The men were dressed in the church whites (clothes), and were given a copy of the Niue New Testament bible. Mothers, wives, and families of the soldiers stood at the Alofi Wharf, watching the ship head off into the horizon.
I wonder what it was like for those families standing on the cliffside watching their men go to war. What was it like for those men, looking back at their families, watching their island grow smaller and smaller in the distance.
Niuean soldiers while in training at Auckland's Narrow Neck Camp. Photo/Sir George Grey Special Collections, Auckland Libraries, reference: 7-A14272.
Legacy
There were several beautiful stories told in the documentary that after 100 years have lived on for these 150 soldiers' descendants to tell. They might have gone to a war that wasn’t there’s to fight, they might have died for a cause they didn’t know - but their legacy of courage has lasted lifetimes.

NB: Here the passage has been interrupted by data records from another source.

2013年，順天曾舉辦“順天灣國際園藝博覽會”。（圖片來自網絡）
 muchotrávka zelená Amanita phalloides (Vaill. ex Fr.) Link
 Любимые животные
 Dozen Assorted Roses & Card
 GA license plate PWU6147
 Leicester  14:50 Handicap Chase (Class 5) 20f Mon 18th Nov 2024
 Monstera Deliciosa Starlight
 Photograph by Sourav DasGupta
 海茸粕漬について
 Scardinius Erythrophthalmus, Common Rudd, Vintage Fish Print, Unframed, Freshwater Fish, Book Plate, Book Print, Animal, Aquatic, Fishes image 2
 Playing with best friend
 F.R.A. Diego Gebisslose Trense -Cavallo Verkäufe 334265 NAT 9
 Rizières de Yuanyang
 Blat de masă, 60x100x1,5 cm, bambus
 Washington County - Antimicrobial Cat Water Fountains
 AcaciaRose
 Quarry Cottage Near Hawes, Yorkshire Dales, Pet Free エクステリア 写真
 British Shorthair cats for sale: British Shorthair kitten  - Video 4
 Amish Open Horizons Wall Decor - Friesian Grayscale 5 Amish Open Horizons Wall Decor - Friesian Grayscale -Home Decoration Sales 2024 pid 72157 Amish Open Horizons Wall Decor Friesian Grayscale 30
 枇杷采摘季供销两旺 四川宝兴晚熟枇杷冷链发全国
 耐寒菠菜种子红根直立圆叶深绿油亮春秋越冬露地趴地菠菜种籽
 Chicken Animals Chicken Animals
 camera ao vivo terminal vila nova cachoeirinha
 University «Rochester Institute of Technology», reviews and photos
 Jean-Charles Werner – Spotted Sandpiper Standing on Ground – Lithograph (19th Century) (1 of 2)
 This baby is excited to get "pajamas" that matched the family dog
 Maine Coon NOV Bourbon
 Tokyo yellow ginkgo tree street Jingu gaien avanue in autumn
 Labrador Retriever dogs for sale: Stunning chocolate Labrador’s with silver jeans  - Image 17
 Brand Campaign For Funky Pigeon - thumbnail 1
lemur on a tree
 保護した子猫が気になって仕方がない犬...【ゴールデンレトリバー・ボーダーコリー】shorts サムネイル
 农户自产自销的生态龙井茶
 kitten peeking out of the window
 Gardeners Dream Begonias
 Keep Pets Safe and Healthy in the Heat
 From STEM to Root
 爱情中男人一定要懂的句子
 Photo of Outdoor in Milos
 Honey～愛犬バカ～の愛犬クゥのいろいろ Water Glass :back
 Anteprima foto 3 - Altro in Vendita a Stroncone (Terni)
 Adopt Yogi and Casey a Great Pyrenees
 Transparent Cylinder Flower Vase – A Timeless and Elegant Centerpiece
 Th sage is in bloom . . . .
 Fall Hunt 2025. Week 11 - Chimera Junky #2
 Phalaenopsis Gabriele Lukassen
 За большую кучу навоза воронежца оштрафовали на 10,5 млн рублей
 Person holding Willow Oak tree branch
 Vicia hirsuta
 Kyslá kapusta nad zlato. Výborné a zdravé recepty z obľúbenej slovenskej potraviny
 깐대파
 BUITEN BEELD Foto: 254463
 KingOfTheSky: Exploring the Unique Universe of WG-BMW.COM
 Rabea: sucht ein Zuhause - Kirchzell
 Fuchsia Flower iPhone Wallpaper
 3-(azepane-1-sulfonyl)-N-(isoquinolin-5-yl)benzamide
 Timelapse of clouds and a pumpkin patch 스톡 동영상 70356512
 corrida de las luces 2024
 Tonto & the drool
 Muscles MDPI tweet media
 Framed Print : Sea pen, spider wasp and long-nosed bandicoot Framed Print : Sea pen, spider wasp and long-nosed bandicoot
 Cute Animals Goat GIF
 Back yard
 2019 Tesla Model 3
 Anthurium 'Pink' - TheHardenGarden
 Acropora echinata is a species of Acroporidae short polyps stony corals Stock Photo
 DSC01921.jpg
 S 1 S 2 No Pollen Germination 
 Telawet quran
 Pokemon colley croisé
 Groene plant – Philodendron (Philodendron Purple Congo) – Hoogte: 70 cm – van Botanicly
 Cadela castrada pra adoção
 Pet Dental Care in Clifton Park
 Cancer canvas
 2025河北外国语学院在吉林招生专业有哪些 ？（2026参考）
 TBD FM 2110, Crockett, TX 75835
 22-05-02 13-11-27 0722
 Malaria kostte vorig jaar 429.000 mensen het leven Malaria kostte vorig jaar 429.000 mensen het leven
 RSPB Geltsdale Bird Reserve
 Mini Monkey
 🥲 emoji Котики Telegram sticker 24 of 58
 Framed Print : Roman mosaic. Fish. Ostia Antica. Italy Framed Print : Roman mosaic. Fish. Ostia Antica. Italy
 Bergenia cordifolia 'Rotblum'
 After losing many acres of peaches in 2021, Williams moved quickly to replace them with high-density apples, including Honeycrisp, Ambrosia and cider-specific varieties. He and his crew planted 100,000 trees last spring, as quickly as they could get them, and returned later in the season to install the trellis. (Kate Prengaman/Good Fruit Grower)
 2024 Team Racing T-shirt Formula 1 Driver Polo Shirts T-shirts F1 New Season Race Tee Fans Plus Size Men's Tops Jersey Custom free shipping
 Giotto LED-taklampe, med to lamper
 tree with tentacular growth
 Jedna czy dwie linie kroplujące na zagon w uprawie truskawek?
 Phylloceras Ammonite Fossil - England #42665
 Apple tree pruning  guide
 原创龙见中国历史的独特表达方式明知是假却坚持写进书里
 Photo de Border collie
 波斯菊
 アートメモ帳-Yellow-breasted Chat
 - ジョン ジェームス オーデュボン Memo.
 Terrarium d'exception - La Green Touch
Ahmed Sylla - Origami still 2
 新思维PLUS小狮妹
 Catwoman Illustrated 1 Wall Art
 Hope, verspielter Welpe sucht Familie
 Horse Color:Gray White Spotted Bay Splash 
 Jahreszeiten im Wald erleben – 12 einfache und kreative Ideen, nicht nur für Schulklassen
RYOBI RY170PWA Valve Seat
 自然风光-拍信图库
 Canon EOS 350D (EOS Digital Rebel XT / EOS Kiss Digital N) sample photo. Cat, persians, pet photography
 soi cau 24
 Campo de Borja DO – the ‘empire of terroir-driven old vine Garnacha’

When I think of war, I think of my great-great grandfather Private Mitikele, who was one of 150 brave young men that had the courage to fight for our freedom. I think of his grandson, my grandfather Ikimaga Manukuo, who would champion Mitikele every year on Anzac Day services.
I think of Mitikele’s mother, my great-great-great grandmother who, upon hearing the news of her son's death, renamed herself “Ikipito” the transliteration of “Egypt” in honour of Mitikele’s final resting place.
Being involved in this beautiful re-telling of the stories of our tupuna, I feel humbled to have felt a glimpse of the world my tupuna lived.
It’s been 108 years since he passed, and while he is buried 17,000 kilometers away from Niue, the stories and memories of Mitikele and the 150 Niue soldiers who went to WW1 still live on and inspire us in the here and now.